Voice assistant gadgets such as Alexa or Google Home are well on their way to mainstream ubiquity: Nearly 25 million are expected to ship this year, and by 2020 that figure is expected to swell to 60 million. Yet as Mladen Barbaric, the founder of Instrumments, sees it, the market’s still plagued by a problem. “Technology should be invisible,” he says, calling the prospect of adding yet another gadget to your home the “geek approach.” So instead, Instrumments created Ollie, a brushed-aluminum lamp with either Alexa or Google Home built in and a wireless charging station built into the base. It goes up for pre-sale today on Indiegogo, at prices starting at $89 for a table lamp with wireless charging, and the same price for a floor lamp without it.
When Amazon and Google opened up their voice-assistant platforms, they surely expected gadgets such as Ollie. But Barbaric points out that lamps in particular make sense, because they happen to already be placed at the side of the couch or the bed, or in a near corner of the room—perfect conversational distance for a voice assistant. Moreover, they’re typically right next to the charging cords for your phone. So it makes sense to combine them all into one.
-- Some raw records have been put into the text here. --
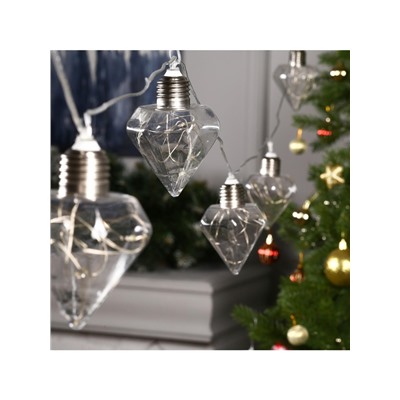 Гирлянда «Нить» 3 м с насадками «Лампочки кристалл», IP20, прозрачная нить, 80 LED, свечение мульти, 8 режимов, 220 В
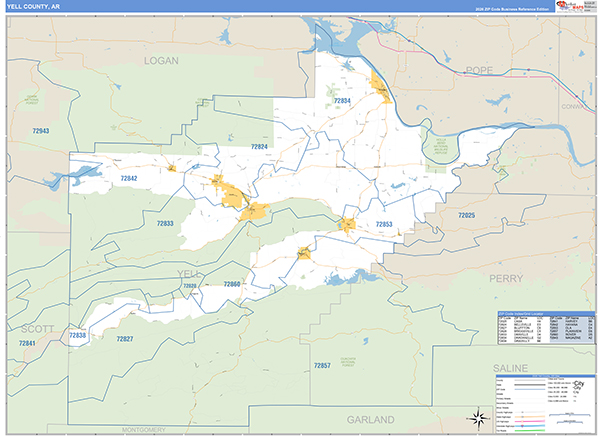 Yell County, AR Zip Code Map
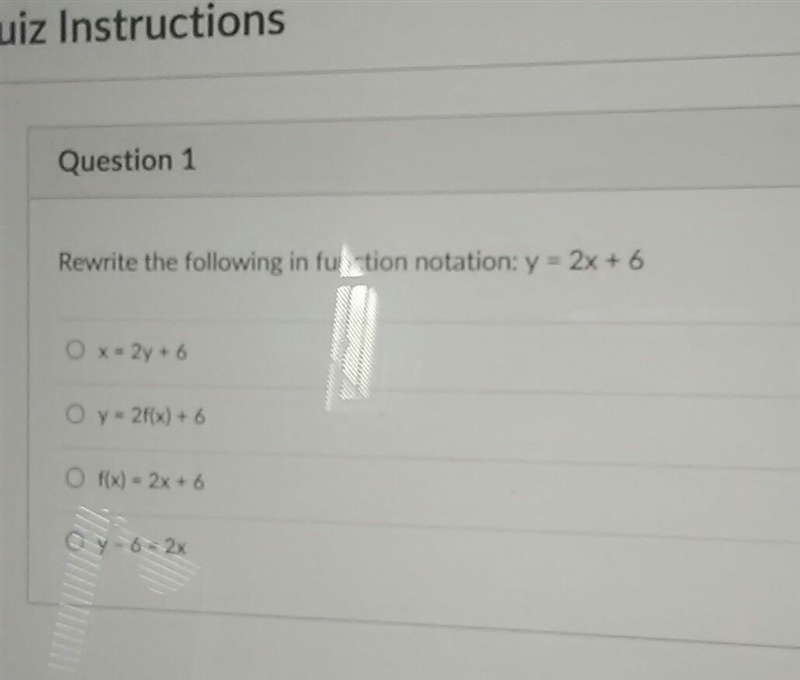 Rewrite the following in Function notation y=2x+6-example-1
Instrumments is actually an offshoot of Barbaric’s design firm, Pearl, which is best known for the Misfit Shine, the slickest of the first-generation fitness trackers. Last year, the company unveiled the 01 Dimensioning Instrument, a smart pen that ingeniously lets you measure anything and load those measurements into the cloud. The bulk of the expertise used to create Ollie lies in figuring out a way to manufacturing something with a high-quality feel but that’s nonetheless almost as inexpensive as Ikea. The company has its eye on still more gadgets; Ollie is meant to be a cost-effective gateway for a growing IoT ecosystem that the company will unveil next year.
Barbaric won’t say what those other gadgets are, but he does offer clues. As he points out, there’s still a gap between the dimensions of the stuff in our lives—for example, how big our living room is, or how wide our counters are—and the stuff we buy online, all of which comes with measurements on the product pages. Instrumment’s next gadget will thus be something involving AR that will help take the measure of your home.
“I can’t tell you completely how it connects back to the pen and Ollie, but we noticed that a lot of people are asking us how to solve issues about custom sizing and shipping to the home as things shift online,” Barbaric says. “We’re making some breakthroughs. Once we release those lines product lines, you’ll see very clearly how it all connects.”